The expectation that a unique prophet would one day be sent by God was deeply embedded in the mind of the people of Israel from their earliest days. Moses, speaking the Israelites prior to their entrance into the Promised Land, told them,
The LORD your God will raise up for you a prophet like me from among your own brothers. You must listen to him…The LORD said to me: “What they say is good. I will raise up for them a prophet like you from among their brothers; I will put my words in his mouth, and he will tell them everything I command him. If anyone does not listen to my words that the prophet speaks in my name, I myself will call him to account. (Ex 18.15-19)
In part this was, of course, the formal institution of the office of prophet among the Israelites. Elsewhere Moses provides the detail as to how the people were to distinguish between true and false prophets. But in a deeper sense, he was telling the people to expect another prophet who would be God’s ultimate messenger. One who would be none other than the promised Messiah himself.
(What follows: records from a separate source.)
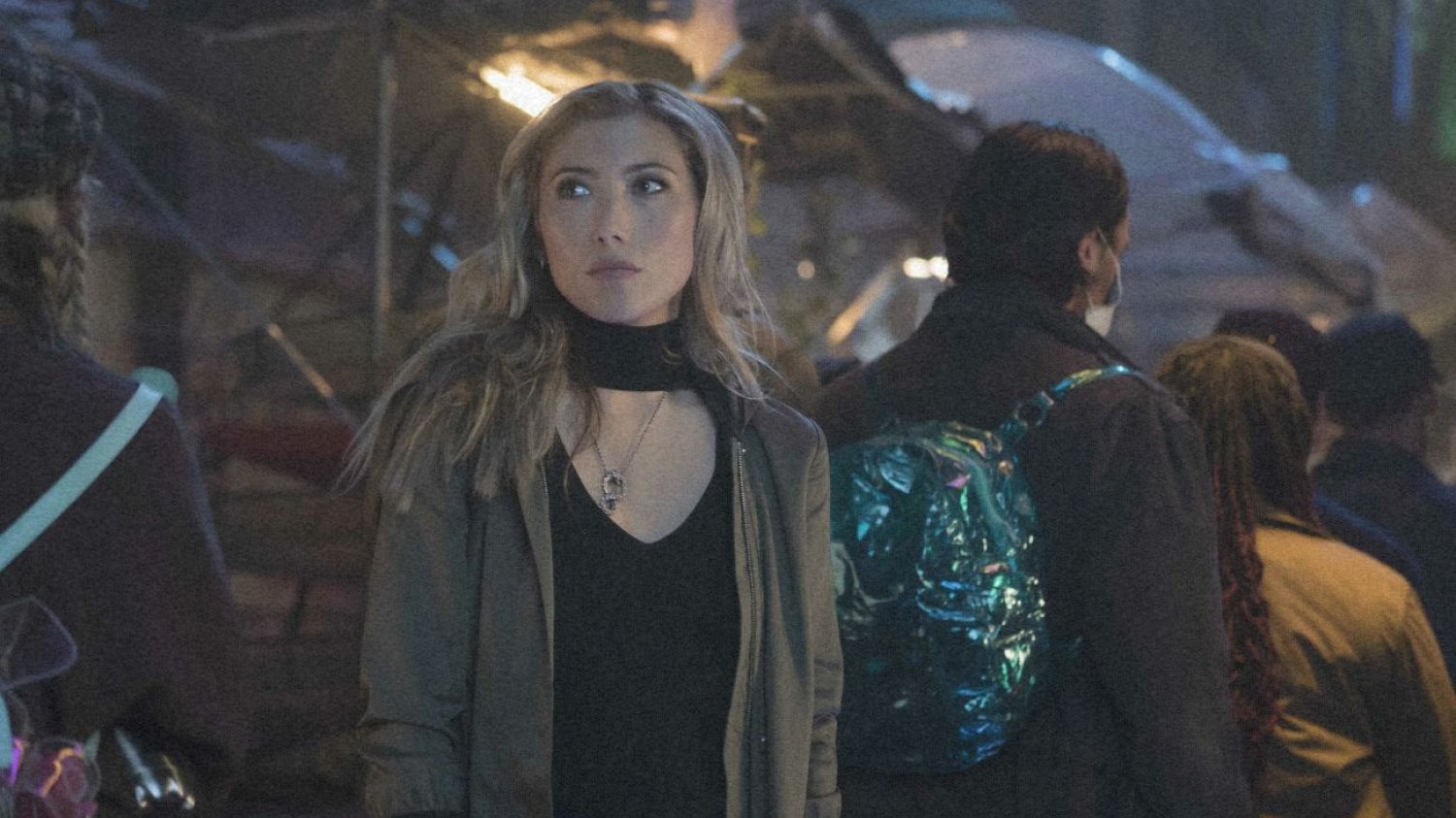 Kadr z serialu "Altered Carbon", na zdjęciu Dichen Lachman.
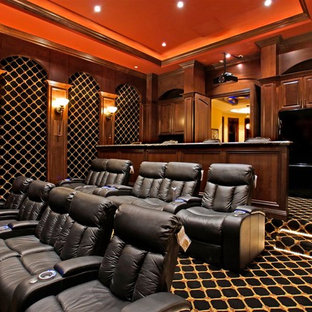 Modelo de cine en casa cerrado, mediterráneo, con moqueta, pantalla de proyección y suelo multicolor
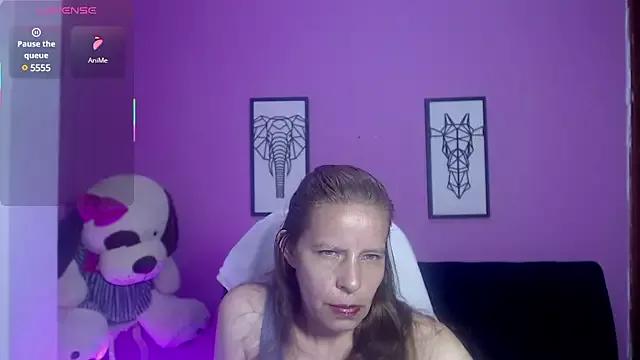 Girls: discover live performances with matured cam models, from teasing to fixations, in a variety of stunning live sex cams.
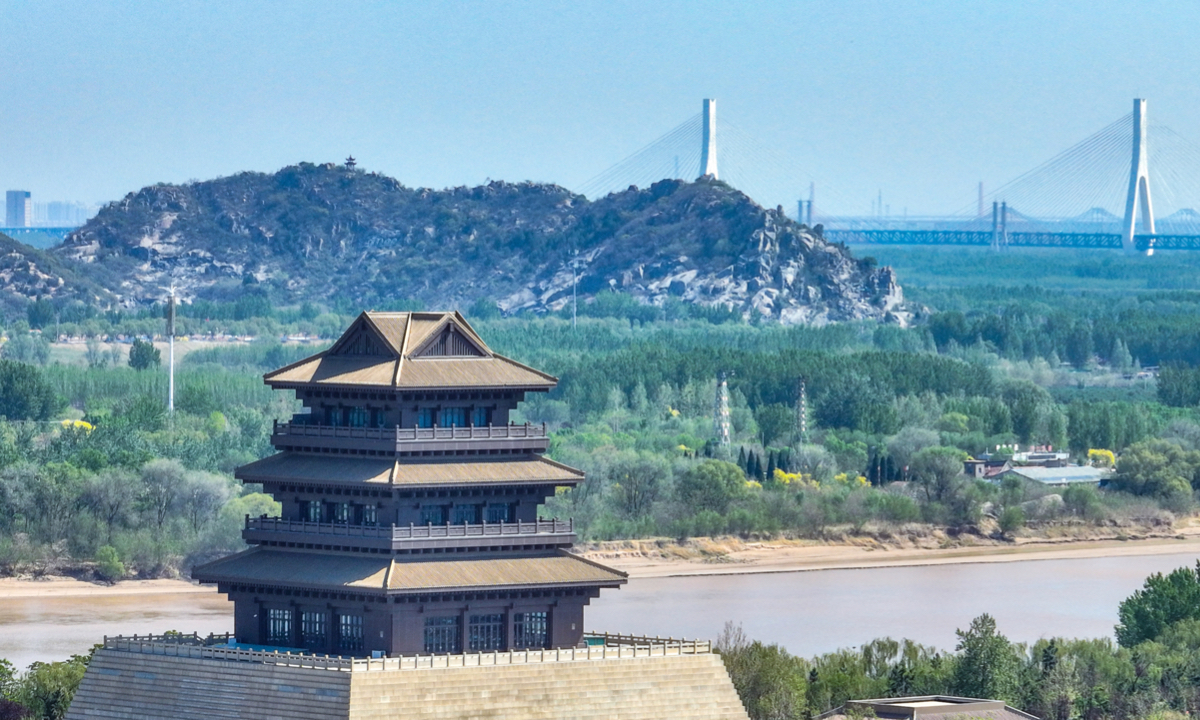 Pleasant weather continues as the Yellow River winds through green corridors and casts shadows along its banks on April 15 in Jinan, East China’s Shandong Province. Photo: VCG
This detail explains people’s response to Jesus, not only in relation to the content and authority of his earthly ministry, but especially to the miracles he performed: ‘A great prophet has appeared among us’ (Lk 7.16). It also explains the Pharisees’ question to John the Baptist: ‘Are you the Prophet?’ and his negative response (Jn 1.21). Jesus was indeed God’s promised prophet through whom God would speak his final word.
Jesus himself picks up on this detail in a very pointed way in the fourth of the ‘I am’ sayings in John’s Gospel, ‘I am the Good Shepherd’ and its wider context (Jn 10.11). He says, ‘the sheep listen to his voice. He calls his own sheep by name and his sheep follow him because they know his voice’ (Jn 10.3). He says of his ‘other sheep who are not of this sheep pen’ – speaking of those he will gather from among the Gentiles – ‘They too will listen to my voice’ (Jn 10.16). But, most pointedly, he says, ‘My sheep listen to my voice; I know them, and they follow me’ (Jn 10.27).